Skip to content

ayouba83/DataLab

Repository files navigation

Mixture Score-Based Diffusion Models with Multiple Choice Learning

Implementation of a score-based diffusion model for MNIST image generation, extended with Multiple Choice Learning (MCL) that trains $K$ expert score networks.

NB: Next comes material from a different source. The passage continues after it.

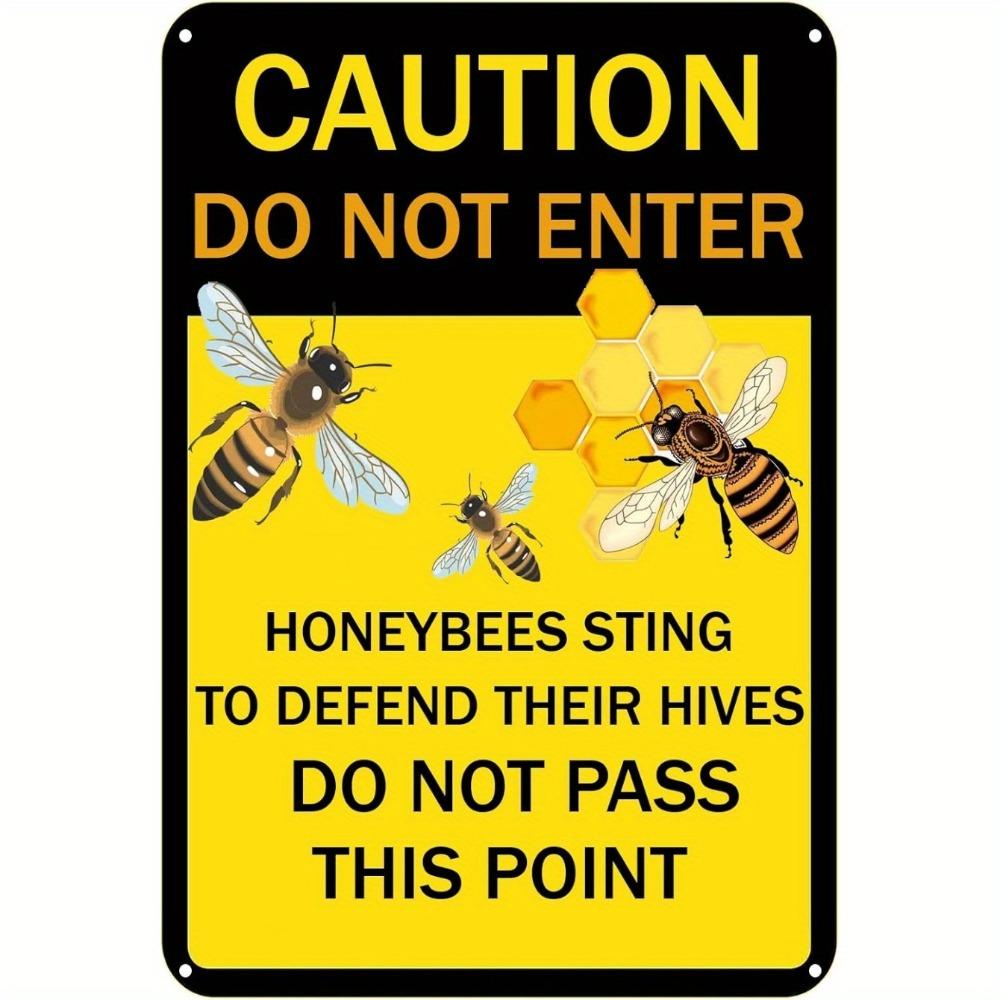 Vintage Metal Bee Farm Sign Rustic Garden Decor High Visibility Outdoor Warning Notice Farmhouse Beekeeping 20x30cm небесно-голубой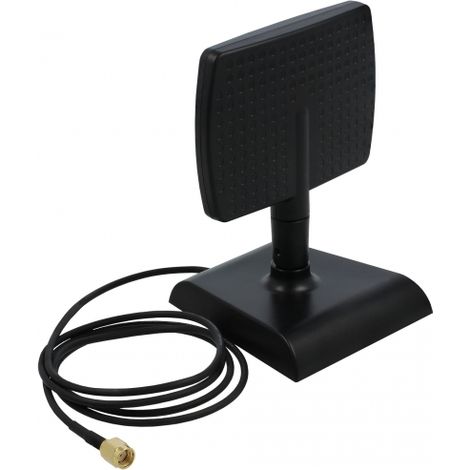 Delock WLAN WiFi 6 Antena RP-SMA macho 4 - 6 dBi direccional con base magnÃ©tica con articulaciÃ³n basculante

The project addresses the expert collapse problem inherent to hard Winner-Takes-All training by implementing three mitigation strategies (Annealed WTA, Relaxed WTA, Resilient MCL), compares five multi-expert inference routing strategies, and studies the quality–diversity trade-off.

Installation

pip install -r requirements.txt

Requires Python 3.9+ and PyTorch 2.0+. MNIST is downloaded automatically on first run.

Quick Start — Reproduce All Experiments

To run the full pipeline (train → gating → sample → evaluate → analyze) in a single command:

python run_pipeline.py

Or the in-memory variant:

python run_all.py

Both produce checkpoints under checkpoints/, figures and metrics under outputs/ and outputs/analysis/. GPU (CUDA or MPS) is auto-detected with CPU fallback.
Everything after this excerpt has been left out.